Encargos dos condóminos:
Quanto aos encargos dos condóminos, veja-se os artigos 1424º CC e 1424º-A CC.
Junção e divisão de frações autónomas:
Quanto à junção e divisão de frações autónomas, veja-se o artigo 1422º-A CC.
Direito de preferência e direito de divisão:
Quanto ao direito de preferência e direito de divisão, veja-se o artigo 1423º CC.
Administração das partes comuns do prédio:
Quanto à administração das partes comuns do prédio, veja-se os artigos 1430º e ss. CC.

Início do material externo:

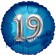 Runder Luftballon Jumbo Zahl 19, blau-silber mit 3D-Effekt zum 19. Geburtstag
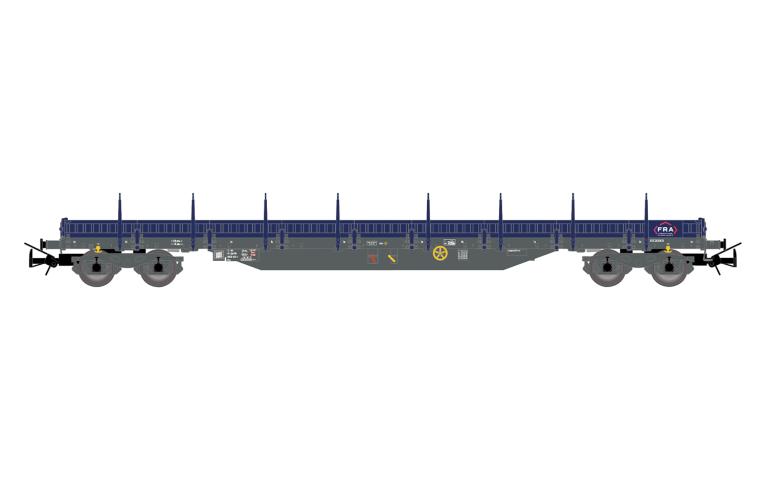 Jouef 6331 CH-FRA, 4-axle stake wagon, Res "FERROVIAIRE RHONE-ALPES", blue/grey, ep. VI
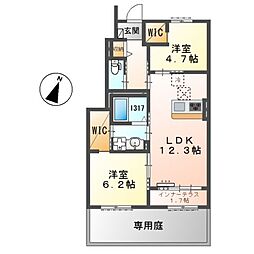 メゾン・チヨ 2LDKの間取図画像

13.4 Natureza jurídica da propriedade horizontal
Do artigo 1420º CC poderia entender-se que na propriedade horizontal se agrupam dois
direitos reais distintos: um direito de propriedade sobre cada uma das frações e um
direito de compropriedade sobre as partes comuns do prédio. No entanto, a propriedade
horizontal é mais do que o mero agrupamento destes dois direitos, tratando-se de um
tipo autónomo de direito real com um objeto complexo que ultrapassa a aplicação pura e
simples dos regimes da propriedade (1) e da compropriedade (2):
1) Quanto ao direito sobre as frações autónomas, em comparação com a propriedade:
1. O direito sobre as frações autónomas está sujeito a restrições que não existem para
a propriedade em geral (1422º, n. 2, 3 e 4 CC).
2. O direito sobre as frações autónomas pode ser afetado por uma deliberação
maioritária dos condóminos, em caso de destruição total ou parcial do edifício (1428º
CC).
2) Quanto ao direito sobre as partes comuns, em comparação com a compropriedade:
1. A administração das partes comuns do prédio compete à assembleia dos
condóminos e a um administrador (1430º e ss. CC).
2. Os condóminos não podem renunciar à parte comum como meio de se
desonerarem das despesas necessárias à sua conservação ou fruição (1420º, n. 2 CC).
3. Os condóminos não gozam do direito de preferência na alienação de frações nem
do direito de pedir a divisão das partes comuns (1423º CC).